Inheritance; it needs to die and die fast and hard. The guaranteed success
simply through birth is a disgusting human perversion well represented by
monarchies and aristocracies of old and new all around the world.

A child born to a wealthy person is already going to be so advantaged over
those who simply weren't lucky enough to have come out of the right vagina and
a product of the right sperm; there is zero justification for their
inheritance of anything on top of it.

If anything, those who are the offspring of the most wealthy, should be
eligible for nothing, while those of the most poor should inherit from their
parents tax free.

Mark these words; the economy that works out this model and implements it will
surge past all others who don't. It would empower and support all that
opportunity cost and monopolistic waste that comes from the current system of
oppressing the masses at artificial support for the wealthy.

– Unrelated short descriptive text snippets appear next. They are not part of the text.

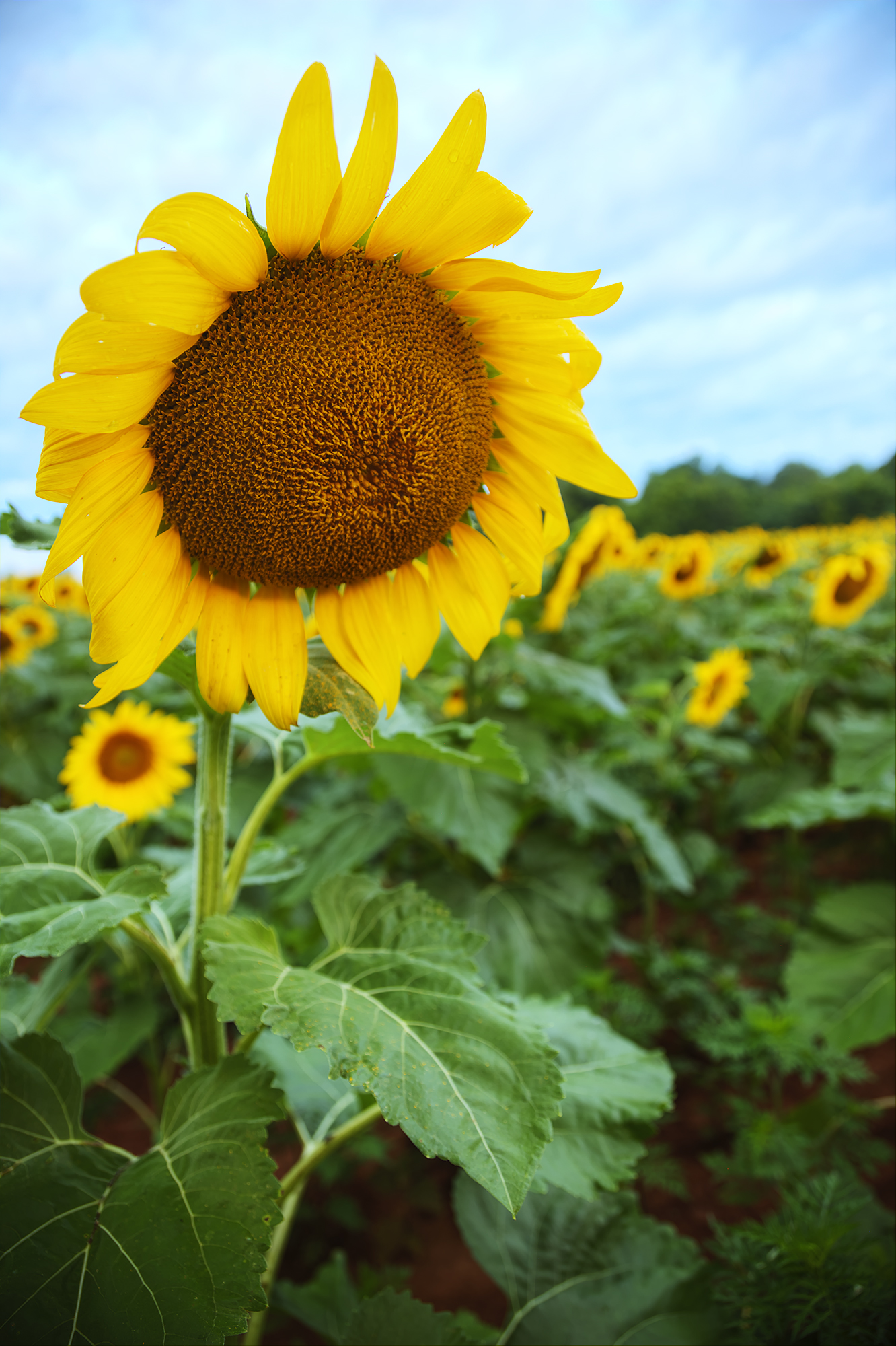 sunflowerfeild.jpg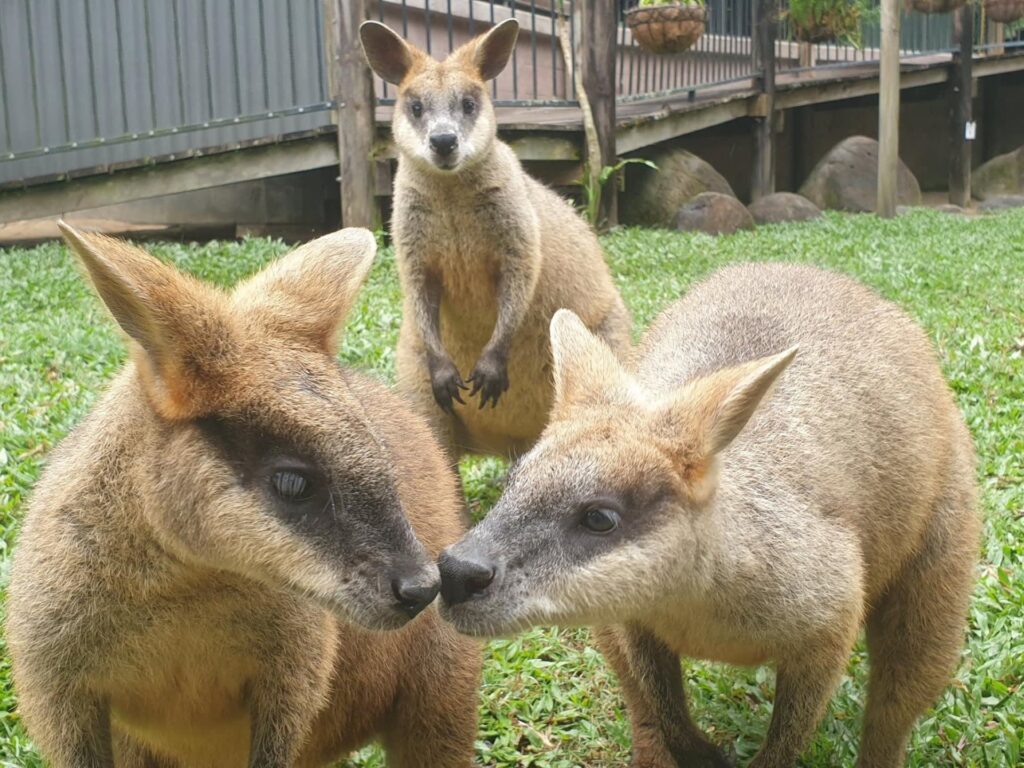 Three wallabies stand on grass; two are nuzzling noses in the foreground, while the third stands behind them, looking toward the camera. Wooden decking and potted plants are in the background.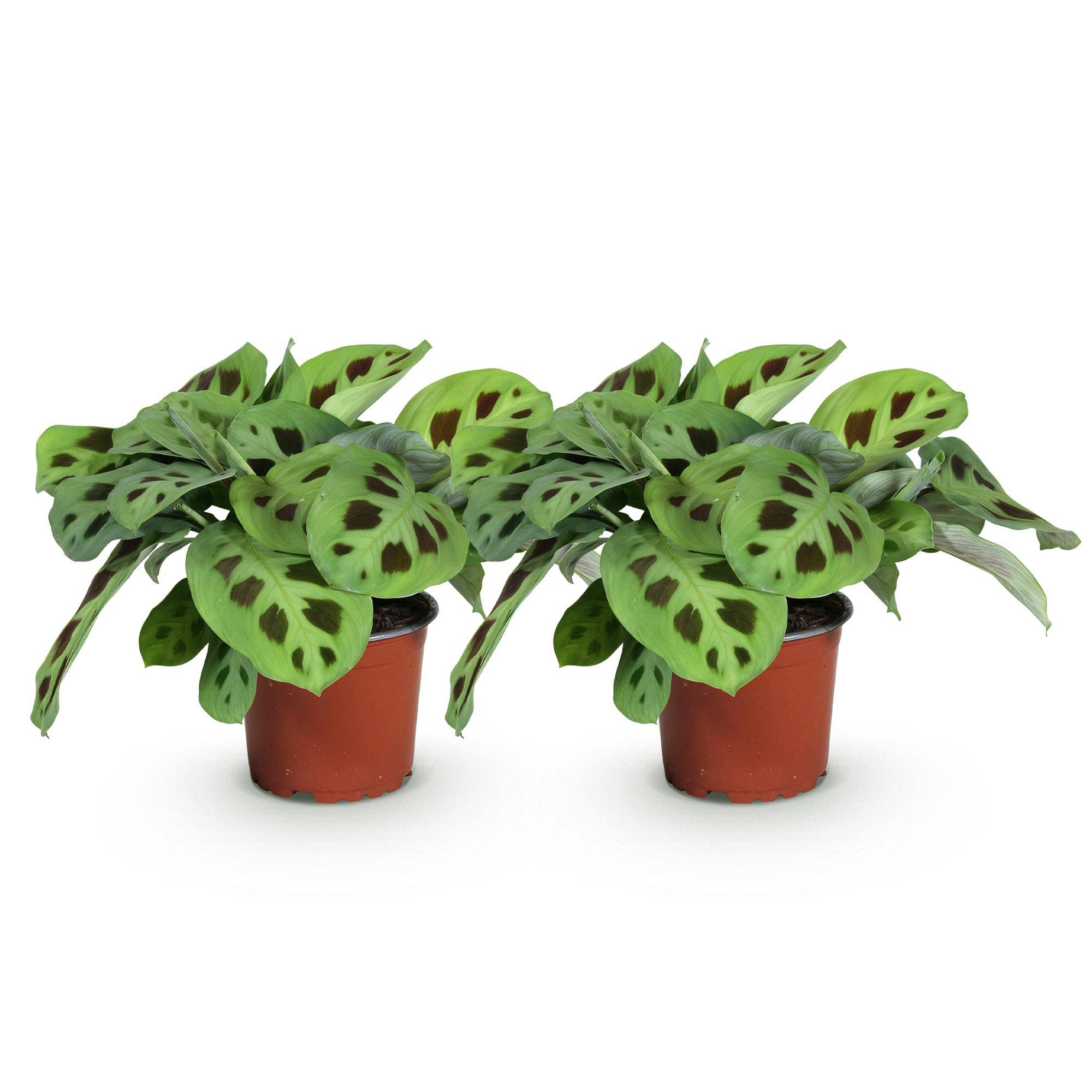 Maranta Fascinator Kerchoveana - Plante de prière - Pot de 12cm - Hauteur 30-35cm - 2 plantes - Plantes d'intérieur - Image 2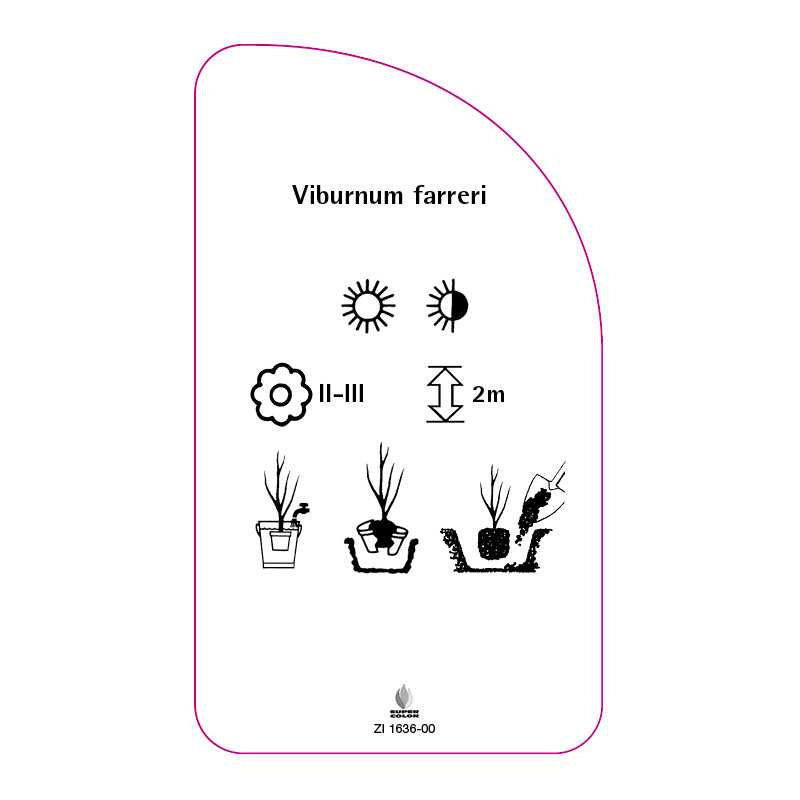 viburnum-farreri0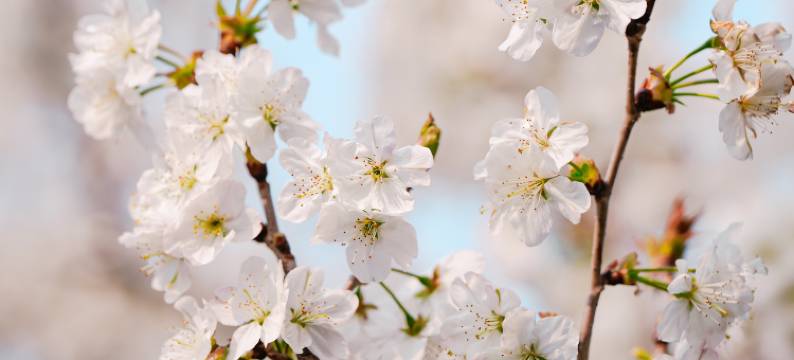 南京玄武湖Ascott雅诗阁公寓酒店图片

I realize most won't be able to comprehend the notion, and will reject it as
humans so quickly do when they are faced with something that contradicts their
understanding of how the world works; but what I suggest is on the scale of
impact like moving from serfdom to capitalism, from slavery to equal freedom.
It will be the next positive evolution in human history.

------
kfk
BI income should be available to people that really need, because in most
countries there are no resources to give it to everybody. Even if there were,
I challenge who believes in BI to tell me if the State could not put that
money in research, education or just decrease taxes and get a better outcome
for its people (and humanity).

We have a lot of deadly diseases and a growing need to utilize more and more
efficiently our scarce resource (food, energy, etc.), we need research, we
need development, we need innovation. I really struggle to see that coming any
faster, or at all, in a world were resources are spent to let a big portion of
the population stay at home.

And please, let's not mix what goes on today, the unemployment rates, with
historic economic circles. We are seeing this unemployment since when? 2008? 5
years are not enough to draw drastic conclusion on an economy and its
workforce. By the way, 10% unemployment rate says nothing, look at the active
population, which usually ranges above 40%, counting kids and pensioners.
Which is quite a high number if you ask me, it's not true we don't need
workers anymore, you know...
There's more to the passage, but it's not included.